Generative artificial intelligence (GAI), Higher education, AI-assisted assessment, Teacher.

Abstract

The emergence of generative artificial intelligence (GAI) in educational settings presents new opportunities and challenges for university teaching. This article explores how tools such as ChatGPT, Copilot, and other similar platforms are transforming academic planning and assessment processes in higher education. Through a mixed-methods approach (N=152 surveys, n=18 interviews), the study analyzed the perceptions, use, and ethical dilemmas of university faculty.

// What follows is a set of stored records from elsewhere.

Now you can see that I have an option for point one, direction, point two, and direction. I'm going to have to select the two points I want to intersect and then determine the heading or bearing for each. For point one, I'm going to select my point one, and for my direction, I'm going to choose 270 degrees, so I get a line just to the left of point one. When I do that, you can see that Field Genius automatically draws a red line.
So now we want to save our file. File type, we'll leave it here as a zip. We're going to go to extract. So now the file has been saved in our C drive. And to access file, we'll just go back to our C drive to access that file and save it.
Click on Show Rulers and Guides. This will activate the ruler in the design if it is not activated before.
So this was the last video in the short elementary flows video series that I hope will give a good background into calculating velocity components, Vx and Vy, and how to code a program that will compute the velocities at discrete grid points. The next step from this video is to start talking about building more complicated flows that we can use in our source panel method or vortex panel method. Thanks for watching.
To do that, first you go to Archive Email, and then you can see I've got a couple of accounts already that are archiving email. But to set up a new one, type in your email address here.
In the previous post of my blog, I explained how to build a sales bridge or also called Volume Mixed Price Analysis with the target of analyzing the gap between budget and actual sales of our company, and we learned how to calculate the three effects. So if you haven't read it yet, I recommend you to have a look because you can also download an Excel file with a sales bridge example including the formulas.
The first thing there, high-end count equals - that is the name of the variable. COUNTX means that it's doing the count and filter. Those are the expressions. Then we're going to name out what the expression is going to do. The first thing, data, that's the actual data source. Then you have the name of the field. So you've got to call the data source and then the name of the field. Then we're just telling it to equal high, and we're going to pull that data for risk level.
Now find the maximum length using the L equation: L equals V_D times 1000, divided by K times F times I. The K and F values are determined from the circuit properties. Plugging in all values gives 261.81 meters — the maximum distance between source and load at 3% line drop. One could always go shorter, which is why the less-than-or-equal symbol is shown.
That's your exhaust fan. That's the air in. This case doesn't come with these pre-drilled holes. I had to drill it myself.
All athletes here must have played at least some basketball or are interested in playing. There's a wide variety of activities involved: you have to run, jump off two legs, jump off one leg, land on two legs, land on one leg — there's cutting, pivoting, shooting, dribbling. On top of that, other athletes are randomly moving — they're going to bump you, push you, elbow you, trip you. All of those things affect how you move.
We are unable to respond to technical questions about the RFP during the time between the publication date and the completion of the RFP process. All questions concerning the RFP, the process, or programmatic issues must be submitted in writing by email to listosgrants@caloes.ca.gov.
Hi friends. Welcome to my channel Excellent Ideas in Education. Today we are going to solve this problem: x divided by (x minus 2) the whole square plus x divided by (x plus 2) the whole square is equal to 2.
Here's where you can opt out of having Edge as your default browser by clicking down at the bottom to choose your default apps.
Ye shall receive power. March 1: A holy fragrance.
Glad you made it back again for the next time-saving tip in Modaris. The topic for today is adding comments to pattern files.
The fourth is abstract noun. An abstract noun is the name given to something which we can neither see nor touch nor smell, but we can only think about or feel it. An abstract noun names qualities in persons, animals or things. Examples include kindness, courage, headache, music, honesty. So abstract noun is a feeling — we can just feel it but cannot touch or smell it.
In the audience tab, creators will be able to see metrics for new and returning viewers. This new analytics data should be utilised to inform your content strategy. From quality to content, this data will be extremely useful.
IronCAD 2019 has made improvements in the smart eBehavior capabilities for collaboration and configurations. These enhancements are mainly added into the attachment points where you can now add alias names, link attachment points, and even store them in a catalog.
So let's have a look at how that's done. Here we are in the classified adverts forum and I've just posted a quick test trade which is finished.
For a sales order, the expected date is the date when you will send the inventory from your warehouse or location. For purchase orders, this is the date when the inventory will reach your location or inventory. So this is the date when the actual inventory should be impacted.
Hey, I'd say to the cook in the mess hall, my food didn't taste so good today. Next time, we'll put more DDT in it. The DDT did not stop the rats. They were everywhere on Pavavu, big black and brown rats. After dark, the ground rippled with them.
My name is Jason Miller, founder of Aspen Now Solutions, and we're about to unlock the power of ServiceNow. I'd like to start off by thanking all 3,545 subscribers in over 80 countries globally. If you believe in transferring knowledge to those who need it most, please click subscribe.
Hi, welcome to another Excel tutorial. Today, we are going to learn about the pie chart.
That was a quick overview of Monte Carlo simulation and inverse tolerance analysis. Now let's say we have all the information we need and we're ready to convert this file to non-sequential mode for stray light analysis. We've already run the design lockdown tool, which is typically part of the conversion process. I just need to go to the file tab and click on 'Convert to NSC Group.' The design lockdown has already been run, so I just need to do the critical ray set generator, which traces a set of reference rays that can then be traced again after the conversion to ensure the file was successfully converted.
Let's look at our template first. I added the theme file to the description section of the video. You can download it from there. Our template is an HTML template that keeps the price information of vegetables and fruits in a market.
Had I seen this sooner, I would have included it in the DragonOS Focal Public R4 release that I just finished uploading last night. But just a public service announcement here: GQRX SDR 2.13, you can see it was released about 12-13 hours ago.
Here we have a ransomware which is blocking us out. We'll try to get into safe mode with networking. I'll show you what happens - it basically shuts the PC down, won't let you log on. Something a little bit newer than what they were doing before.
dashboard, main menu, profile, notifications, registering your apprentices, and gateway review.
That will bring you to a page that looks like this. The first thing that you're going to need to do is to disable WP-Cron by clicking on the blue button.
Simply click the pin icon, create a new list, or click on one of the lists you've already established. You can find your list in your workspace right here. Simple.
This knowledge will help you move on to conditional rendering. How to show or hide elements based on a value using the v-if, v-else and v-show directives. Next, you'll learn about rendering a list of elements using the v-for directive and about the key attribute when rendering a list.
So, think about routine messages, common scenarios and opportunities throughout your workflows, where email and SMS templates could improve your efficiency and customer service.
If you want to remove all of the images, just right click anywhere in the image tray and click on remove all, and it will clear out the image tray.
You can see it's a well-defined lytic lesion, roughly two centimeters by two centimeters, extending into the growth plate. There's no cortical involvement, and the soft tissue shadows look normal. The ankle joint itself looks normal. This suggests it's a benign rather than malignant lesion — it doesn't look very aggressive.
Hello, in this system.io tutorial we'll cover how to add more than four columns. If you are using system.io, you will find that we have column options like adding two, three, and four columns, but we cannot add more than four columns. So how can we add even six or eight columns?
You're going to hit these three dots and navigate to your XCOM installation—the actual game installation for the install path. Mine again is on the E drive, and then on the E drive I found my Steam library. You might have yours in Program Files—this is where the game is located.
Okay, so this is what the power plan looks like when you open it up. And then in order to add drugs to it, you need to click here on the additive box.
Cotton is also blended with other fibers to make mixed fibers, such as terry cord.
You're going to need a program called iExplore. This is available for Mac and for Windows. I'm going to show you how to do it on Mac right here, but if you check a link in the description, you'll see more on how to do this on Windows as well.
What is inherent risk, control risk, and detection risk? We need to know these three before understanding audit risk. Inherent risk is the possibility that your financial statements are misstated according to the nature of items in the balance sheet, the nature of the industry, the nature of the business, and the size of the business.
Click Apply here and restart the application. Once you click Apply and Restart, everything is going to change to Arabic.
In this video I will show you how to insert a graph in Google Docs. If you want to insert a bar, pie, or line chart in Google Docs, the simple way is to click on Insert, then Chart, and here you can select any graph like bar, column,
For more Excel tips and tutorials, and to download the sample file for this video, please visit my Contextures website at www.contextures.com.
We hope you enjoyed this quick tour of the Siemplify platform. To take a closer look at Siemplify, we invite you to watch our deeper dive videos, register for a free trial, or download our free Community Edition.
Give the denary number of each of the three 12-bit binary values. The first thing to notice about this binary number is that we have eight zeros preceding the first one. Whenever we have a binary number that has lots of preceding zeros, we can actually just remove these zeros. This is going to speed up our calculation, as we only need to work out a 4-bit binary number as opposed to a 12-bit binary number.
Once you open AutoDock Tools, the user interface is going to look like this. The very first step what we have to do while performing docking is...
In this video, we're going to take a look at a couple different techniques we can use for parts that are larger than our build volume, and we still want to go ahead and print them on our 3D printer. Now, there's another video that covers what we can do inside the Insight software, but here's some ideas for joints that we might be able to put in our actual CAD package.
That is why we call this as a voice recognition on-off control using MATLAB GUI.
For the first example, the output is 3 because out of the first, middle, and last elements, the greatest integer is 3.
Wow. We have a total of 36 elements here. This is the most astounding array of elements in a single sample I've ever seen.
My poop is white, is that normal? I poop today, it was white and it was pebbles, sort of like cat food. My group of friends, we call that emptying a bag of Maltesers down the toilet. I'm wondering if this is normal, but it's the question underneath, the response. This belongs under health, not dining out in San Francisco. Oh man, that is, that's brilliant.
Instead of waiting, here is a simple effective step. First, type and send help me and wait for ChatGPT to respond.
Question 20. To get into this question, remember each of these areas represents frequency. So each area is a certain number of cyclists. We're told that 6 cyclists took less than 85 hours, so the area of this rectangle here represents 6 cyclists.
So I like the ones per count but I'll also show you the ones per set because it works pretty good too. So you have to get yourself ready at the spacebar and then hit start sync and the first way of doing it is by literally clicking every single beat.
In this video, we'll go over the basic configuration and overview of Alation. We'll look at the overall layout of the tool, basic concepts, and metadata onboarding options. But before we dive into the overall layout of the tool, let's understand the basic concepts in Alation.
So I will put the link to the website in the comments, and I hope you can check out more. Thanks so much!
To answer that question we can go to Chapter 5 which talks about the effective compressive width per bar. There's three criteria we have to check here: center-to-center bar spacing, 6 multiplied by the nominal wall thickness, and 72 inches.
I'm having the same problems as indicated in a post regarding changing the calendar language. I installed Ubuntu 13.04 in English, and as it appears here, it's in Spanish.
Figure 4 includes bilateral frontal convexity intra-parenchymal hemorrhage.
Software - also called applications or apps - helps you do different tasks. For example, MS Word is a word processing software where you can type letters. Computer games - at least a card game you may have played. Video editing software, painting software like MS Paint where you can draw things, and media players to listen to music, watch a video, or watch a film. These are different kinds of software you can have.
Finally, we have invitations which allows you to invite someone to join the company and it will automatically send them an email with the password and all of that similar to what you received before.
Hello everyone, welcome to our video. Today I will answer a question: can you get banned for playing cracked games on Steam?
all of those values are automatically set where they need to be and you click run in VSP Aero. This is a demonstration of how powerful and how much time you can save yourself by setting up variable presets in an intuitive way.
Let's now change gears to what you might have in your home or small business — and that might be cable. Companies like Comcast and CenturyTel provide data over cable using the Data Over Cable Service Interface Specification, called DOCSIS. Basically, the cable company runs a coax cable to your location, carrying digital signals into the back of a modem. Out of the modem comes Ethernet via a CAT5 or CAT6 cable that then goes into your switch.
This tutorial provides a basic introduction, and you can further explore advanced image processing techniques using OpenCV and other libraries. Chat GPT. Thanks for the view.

The quantitative results indicate that GAI is primarily valued as an efficiency optimizer and is widely used for generating rubrics and item banks. The qualitative findings reveal the emergence of a "strategic teacher-curator," whose effectiveness lies in their ability to apply pedagogical prompt engineering. The main point of contention is AI-assisted assessment, where concerns about algorithmic bias hinder its full adoption in value judgments. The study concludes that GAI accelerates productivity but requires human pedagogical sovereignty to guarantee quality and equity. Guidelines are proposed for training in the ethical and strategic use of these tools.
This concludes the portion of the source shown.